Start of DATA SECTION

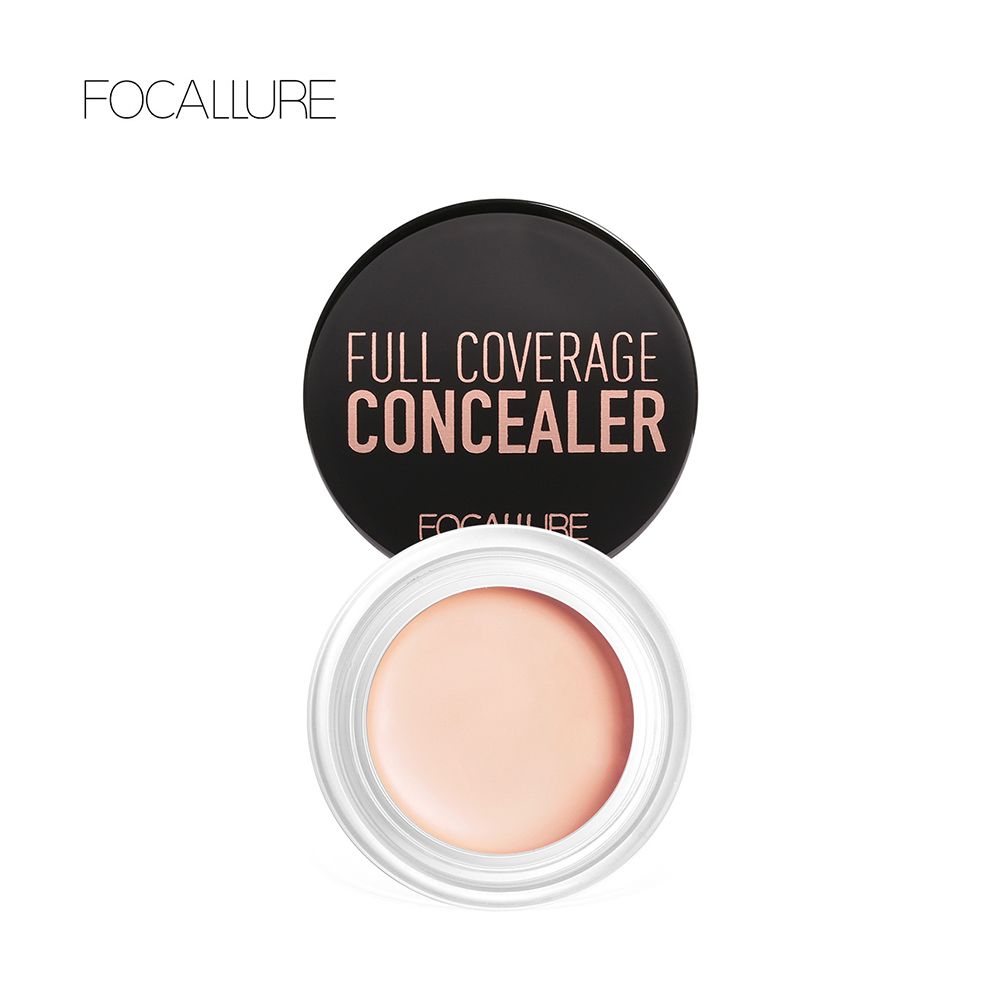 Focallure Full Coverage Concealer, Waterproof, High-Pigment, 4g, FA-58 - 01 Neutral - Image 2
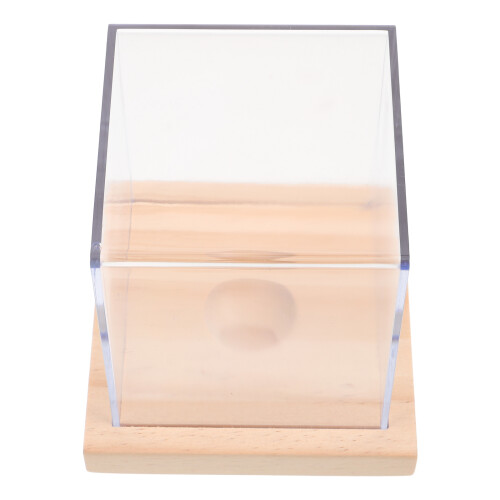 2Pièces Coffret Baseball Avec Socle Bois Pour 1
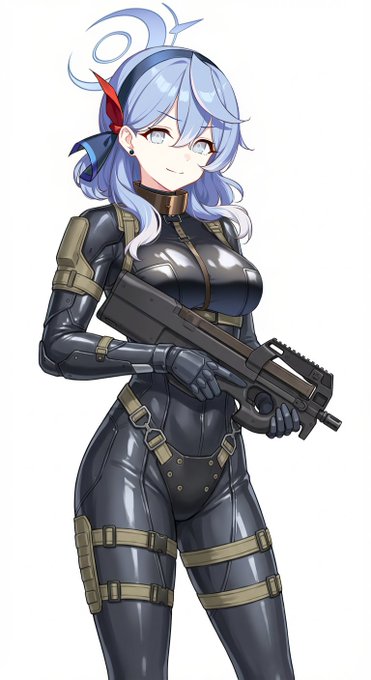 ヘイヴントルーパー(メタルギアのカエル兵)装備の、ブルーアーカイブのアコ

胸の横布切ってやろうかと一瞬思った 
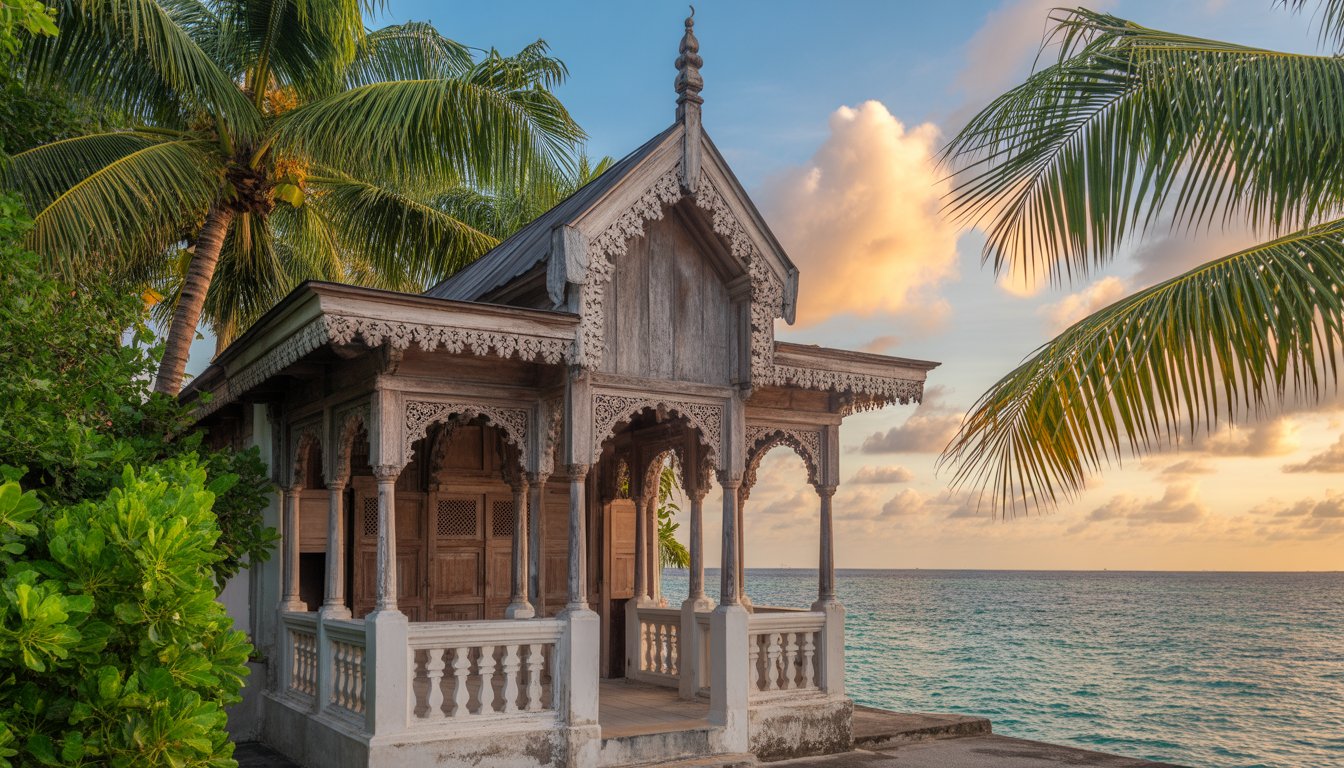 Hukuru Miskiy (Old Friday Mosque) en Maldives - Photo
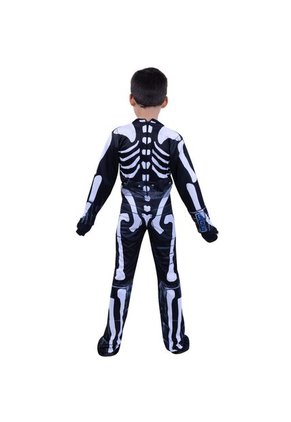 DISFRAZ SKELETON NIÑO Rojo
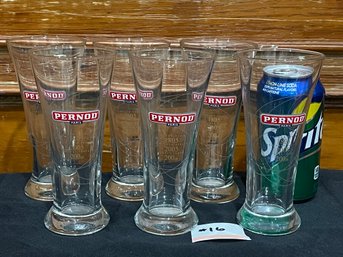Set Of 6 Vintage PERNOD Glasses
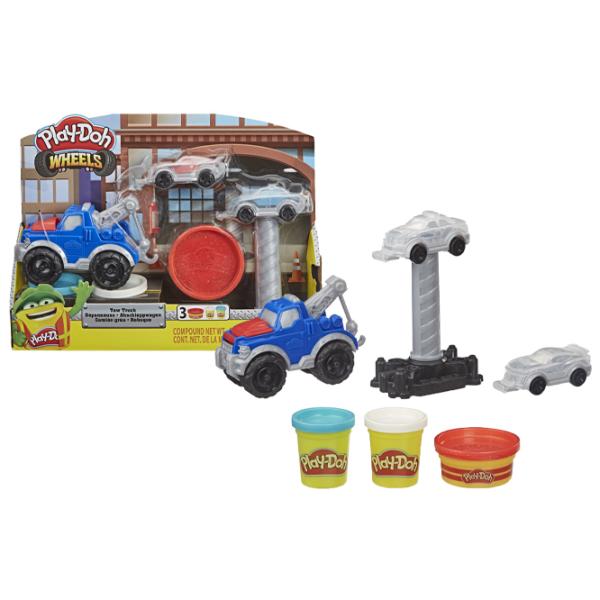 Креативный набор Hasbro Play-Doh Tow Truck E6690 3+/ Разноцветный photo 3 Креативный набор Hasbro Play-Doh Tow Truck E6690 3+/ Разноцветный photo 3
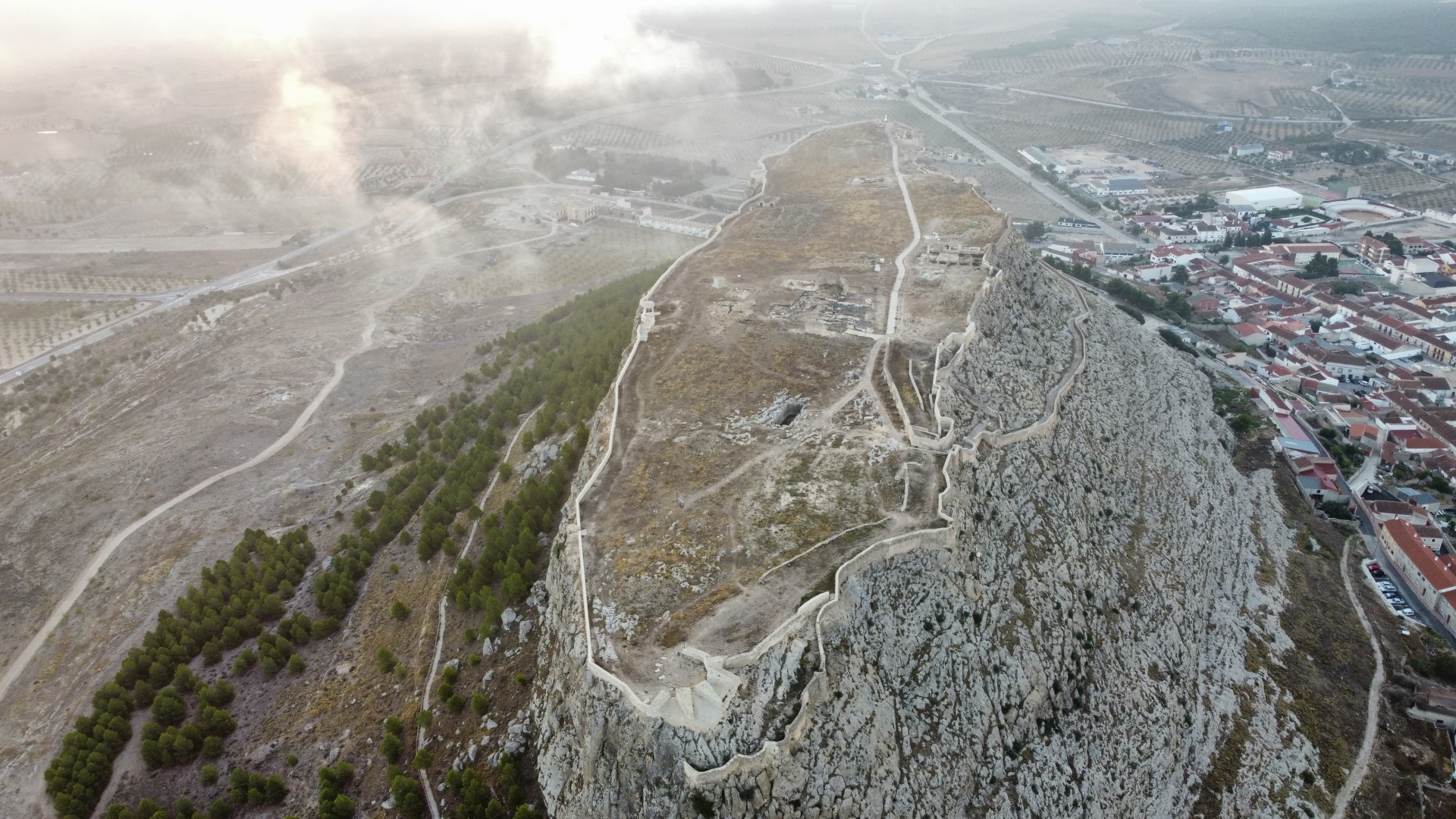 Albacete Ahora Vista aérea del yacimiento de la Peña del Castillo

End of DATA SECTION

=== DIRECTIONS ===
Your answer should contain only the lines from the beginning of the listing above through the line with "DISFRAZ SKELETON NIÑO Rojo", copied exactly and without the pictures.

=== THE COMPLETED TASK ===
 Focallure Full Coverage Concealer, Waterproof, High-Pigment, 4g, FA-58 - 01 Neutral - Image 2
 2Pièces Coffret Baseball Avec Socle Bois Pour 1
 ヘイヴントルーパー(メタルギアのカエル兵)装備の、ブルーアーカイブのアコ

胸の横布切ってやろうかと一瞬思った 
 Hukuru Miskiy (Old Friday Mosque) en Maldives - Photo
 DISFRAZ SKELETON NIÑO Rojo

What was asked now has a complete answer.